Following the successes of chemotherapy in the 1950's and 1960's, there was a feeling that if sufficient funding were available then cancer could be defeated - hence the USA's 'War on Cancer' in the 1970's. The idea here was that the basic research had been done, and that it was now necessary to concentrate on the search for actual cures, in the same single-minded approach which was applied to the moon landings. As such it was a failure - there were benefits from the extra funding, but these were predominantly in the area of basic research, in particular the new discoveries in genetics. The book describes what has been discovered about the genetic basis of cancer, and goes on to show how this has lead to treatments, and promises more successes in the future - if not outright cures, then the possibility of managing cancer, so that it is no longer considered a death sentence.

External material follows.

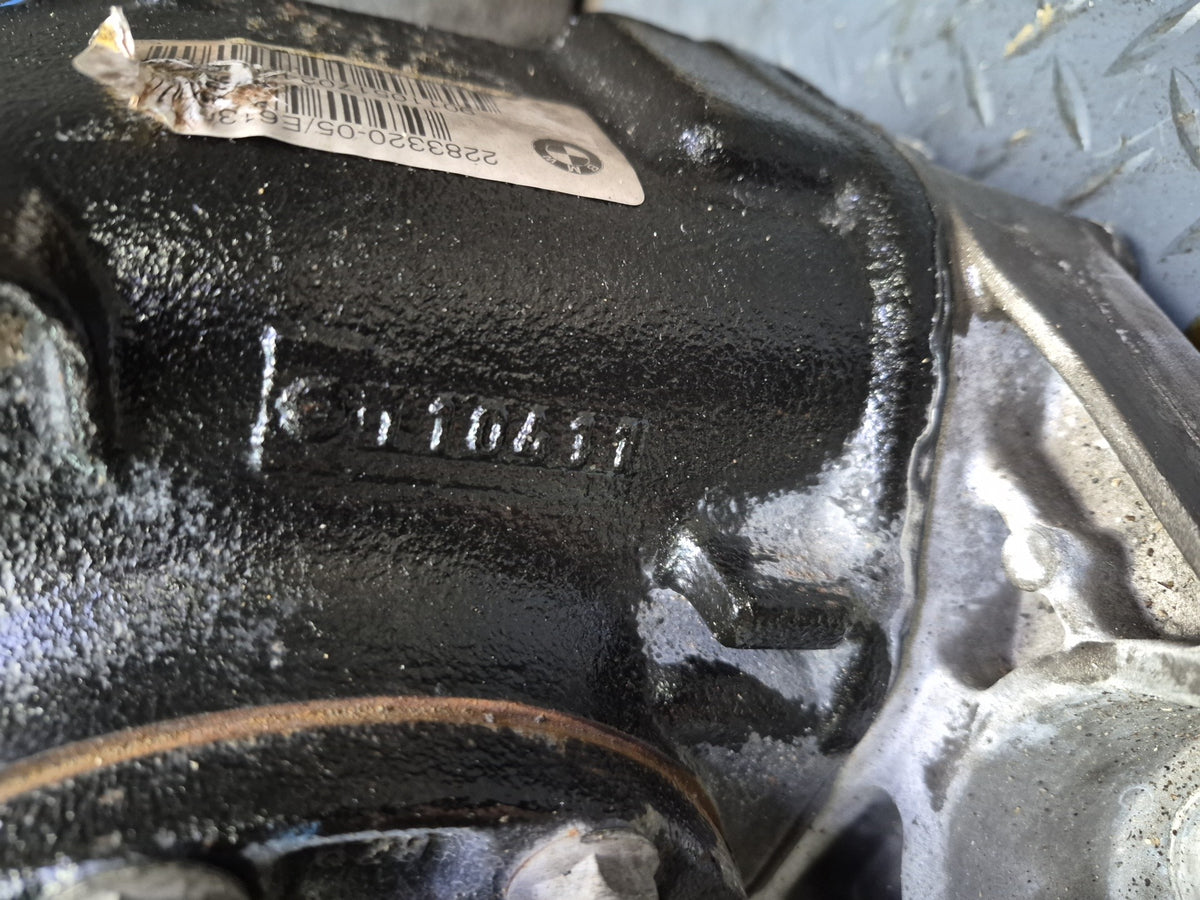 2008-2011 BMW E90 E92 E93 M3 DCT Rear Differential Carrier 3:15 Ratio 122k Miles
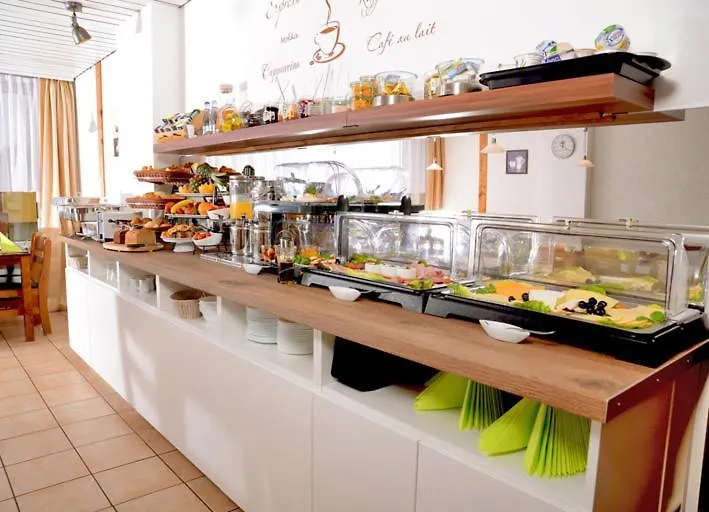 Guest house Hotel Herrenhof Lubeck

There is also a chapter on the alternative therapies which have been used against cancer, and in particular the work of the Bristol Cancer Help Centre. One sees how these approaches arose as a reaction to the impersonality of conventional medicine, but also they had a tendency to give rise to their own forms of dogmatism. More recently the approach has been to act in unison with conventional medicine and so offer more personal help for those suffering from cancer.


I felt that Wishart's combination of the personal and the scientific viewpoints was highly successful. The history and science never gets too far from personal experiences, while at the same time the story of his father's cancer - which isn't glossed over in any way - doesn't become too depressing. The book provides a useful link between a patient's point of view and that of the science of cancer treatments. Hence I would recommend it to medical professionals wanting to see how they might be seen by their patients, as well as to patients wanting an indication of why their treatment might not be as straightforward as they think it should be. It also gives an indication of why the breakthroughs reported by the media don't become converted into miracle cures overnight. But most of all this is a fascinating book to read - I have to say that I found it really was a book which was hard to put down.